Copy exactly. Include the line containing "ALASKA BOOTIE IN", every line after it, and the last line below, but no pictures.

Study material »
BEGIN
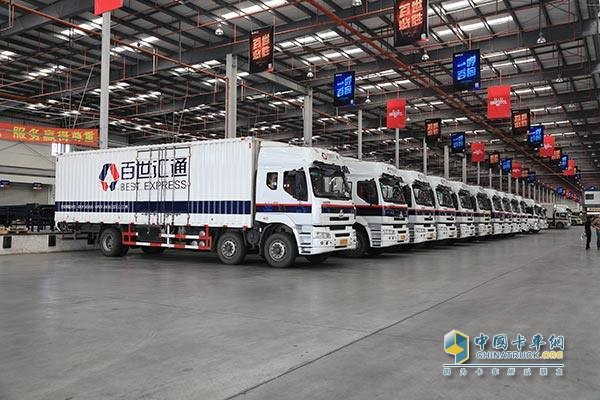 百世汇通已累计采购柳汽乘龙500台，大部分配置的都是康明斯发动机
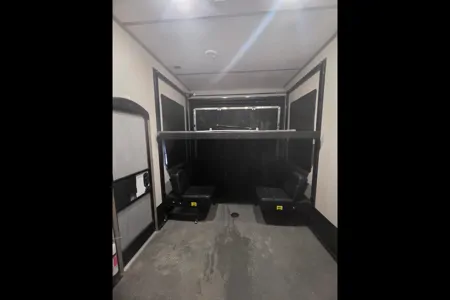 Katie's Keystone Carbon 418 Toy Hauler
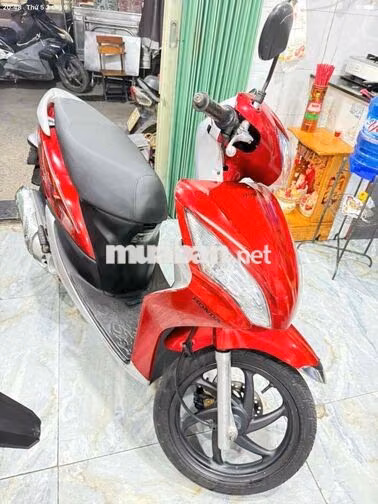 Honda Vision 2012 Đỏ đen bạc biển TP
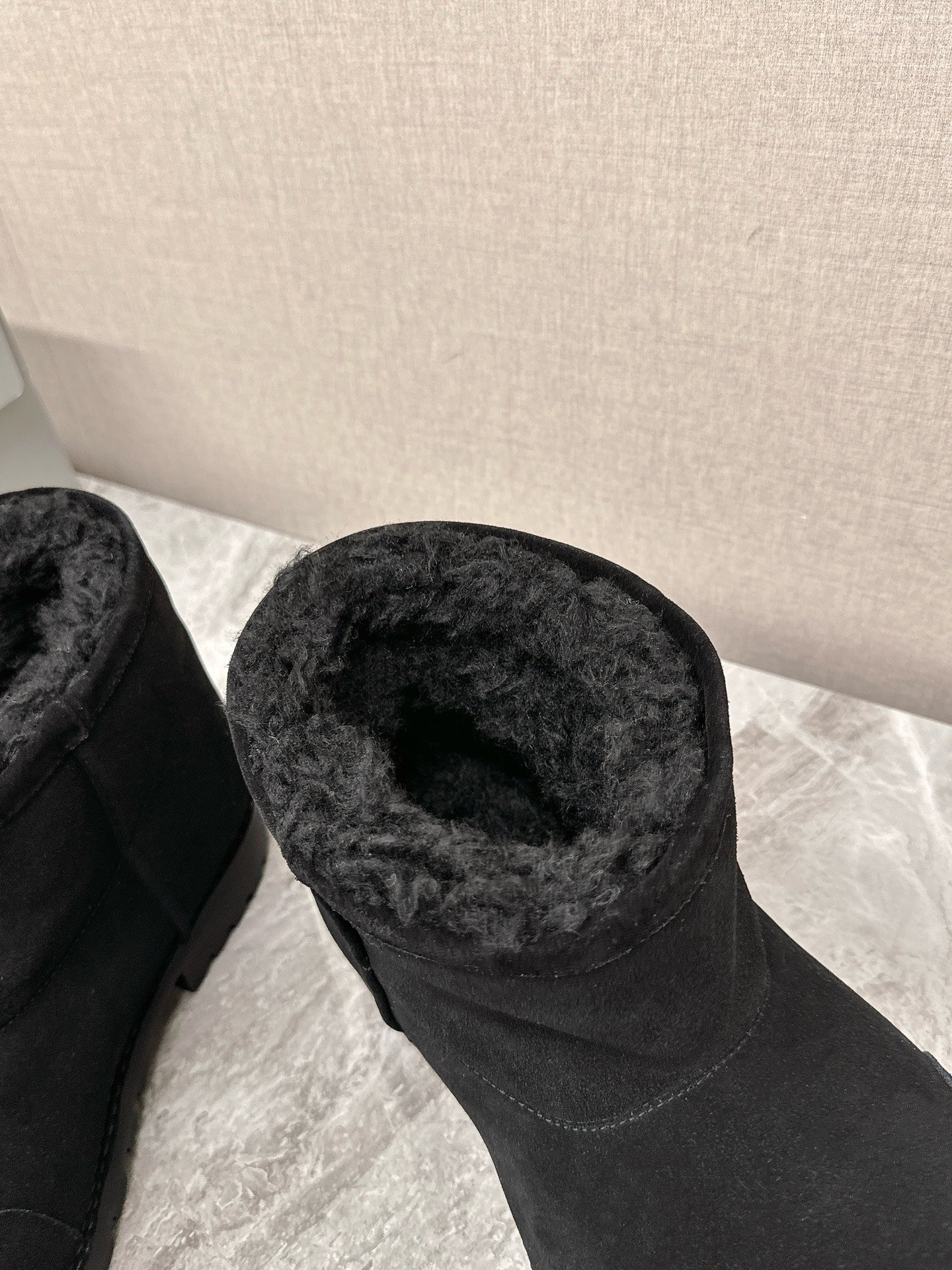 ALASKA BOOTIE IN BLACK SUEDE AND WOOL LINING - 35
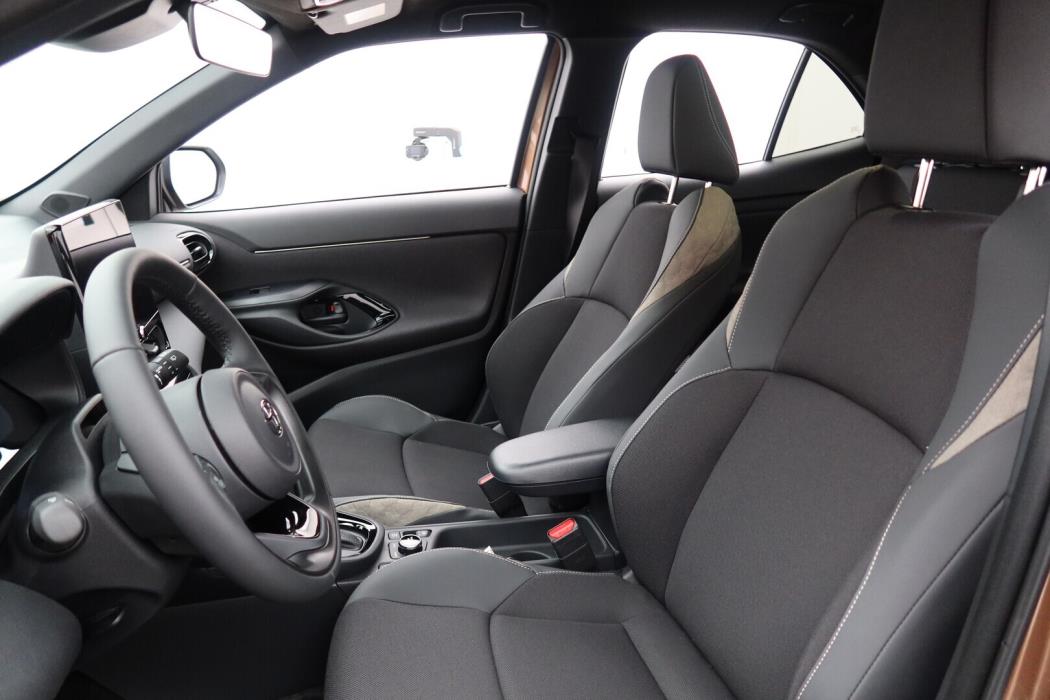 TOYOTA Yaris Cross 2026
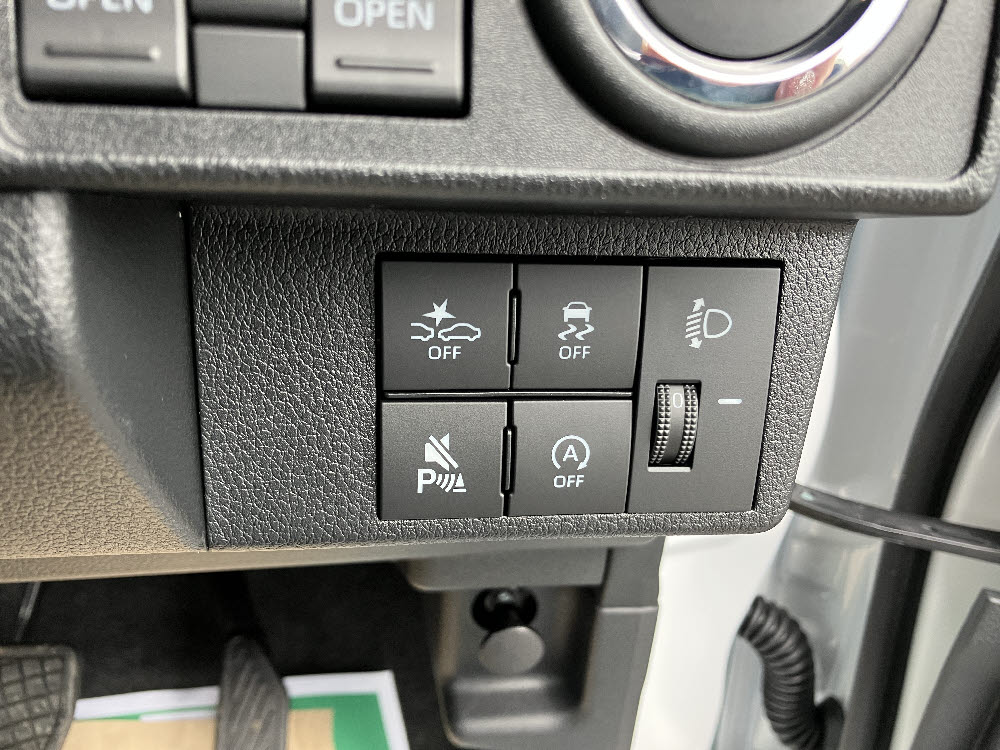 ダイハツ　ムーヴキャンバス　ストライプスX ODレス8枚目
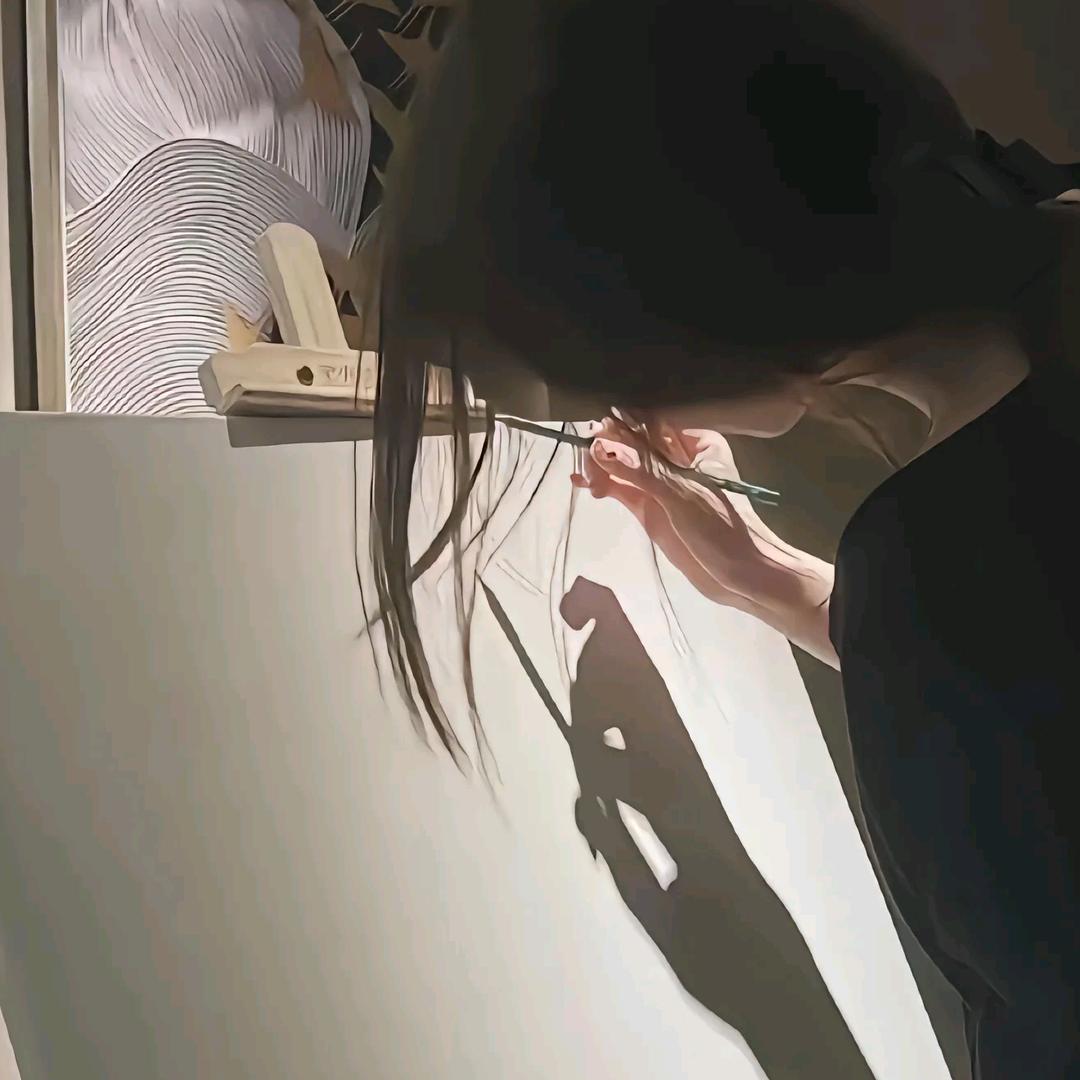 洛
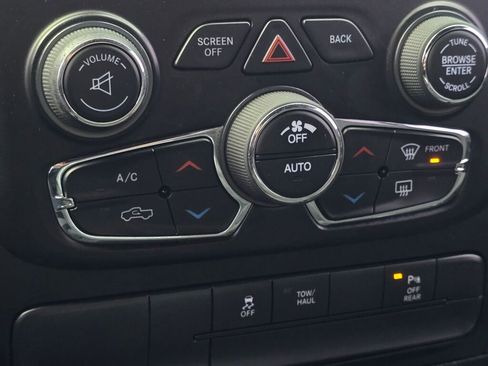 Used 2021 RAM 1500 Classic Warlock w/ Luxury Group AWD/4WD image 31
END
Solution for this exercise »
 ALASKA BOOTIE IN BLACK SUEDE AND WOOL LINING - 35
 TOYOTA Yaris Cross 2026
 ダイハツ　ムーヴキャンバス　ストライプスX ODレス8枚目
 洛
 Used 2021 RAM 1500 Classic Warlock w/ Luxury Group AWD/4WD image 31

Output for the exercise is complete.